Photo: Saul Loeb/AFP/Getty Images
Sonny Perdue has been USDA secretary for barely a week, and yesterday, he announced a plan from a Virginia elementary school to undo Michelle Obama’s school-lunch standards that limit salt and require cafeterias to use breads and pasta that haven’t been heavily processed. “We know meals cannot be nutritious if they’re not consumed, if they’re thrown out,” he apparently told reporters after eating the school’s chicken nuggets and a salad. “We have to balance sodium and whole-grain content with palatability.” The rules affect school breakfasts and lunches served to more than 31 million students every day.
A lifelong Georgian, Perdue is especially not fond of the National School Lunch Program’s whole-grain requirements. “A perfect example is in the South, where the schools want to serve grits,” he said yesterday.
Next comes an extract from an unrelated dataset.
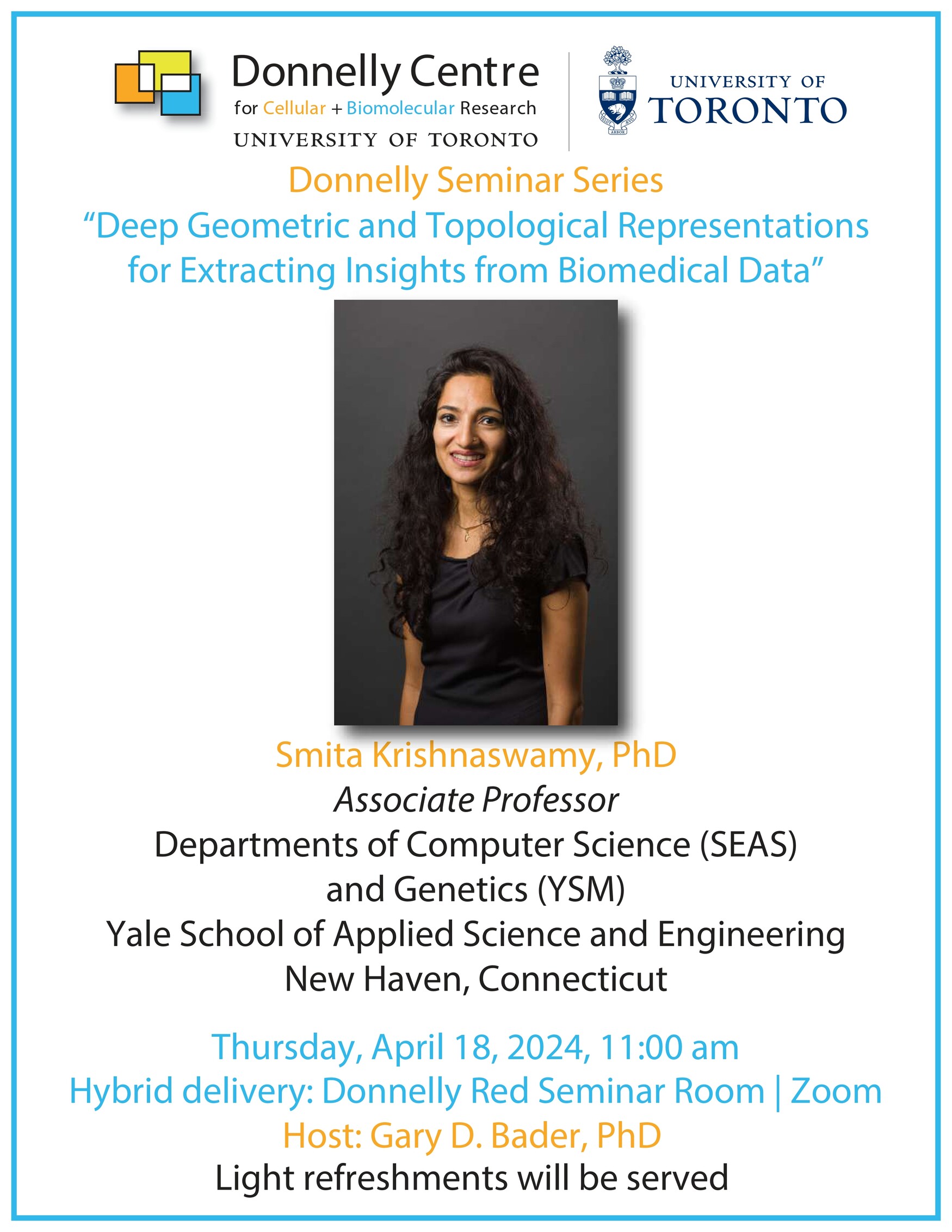 Poster for Donnelly Centre Seminar on "Extracting insights from biomedical data"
Obama-era grits have “little black flakes in it,” he complained, and “the kids won’t eat it.” The official line is that they’re wresting power back from the nanny state and “restoring local control” of school-lunch guidelines. (They’re okay with that empowering people like Sid Miller, the self-described “potbellied” ag commissioner of Texas, who reinstalled deep fryers in the nation’s fifth-fattest schools and granted something he calls “cupcake amnesty.”) Republicans often claim that the healthier food doesn’t taste as good, so students end up malnourished regardless because they just throw it out.
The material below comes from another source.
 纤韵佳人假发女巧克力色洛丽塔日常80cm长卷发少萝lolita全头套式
It’s important to note that these changes still leave much of the Obama-era framework in place. Kids still have to take some form of vegetable or fruit on the lunch line, for example. The major difference involves the sodium content of meals, which was being reduced each year under Obama. Under the new rules, school cafeterias won’t have to remove any more salt for the remainder of Trump’s term.
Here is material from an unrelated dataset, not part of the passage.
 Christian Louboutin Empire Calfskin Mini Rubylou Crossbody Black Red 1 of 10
Of course, the flip side to empowering local governments is that they’re free to keep using the Obama administration’s guidelines. That’s apparently what L.A. public schools — America’s second-largest school district — are planning to do. “Nourishing children to achieve excellence is our core mission,” the district official in charge of food services said in a statement. “We will continue to direct all efforts toward serving healthy meal options, providing nutrition education to families, and upholding nutrition standards that meet or exceed federal regulations.”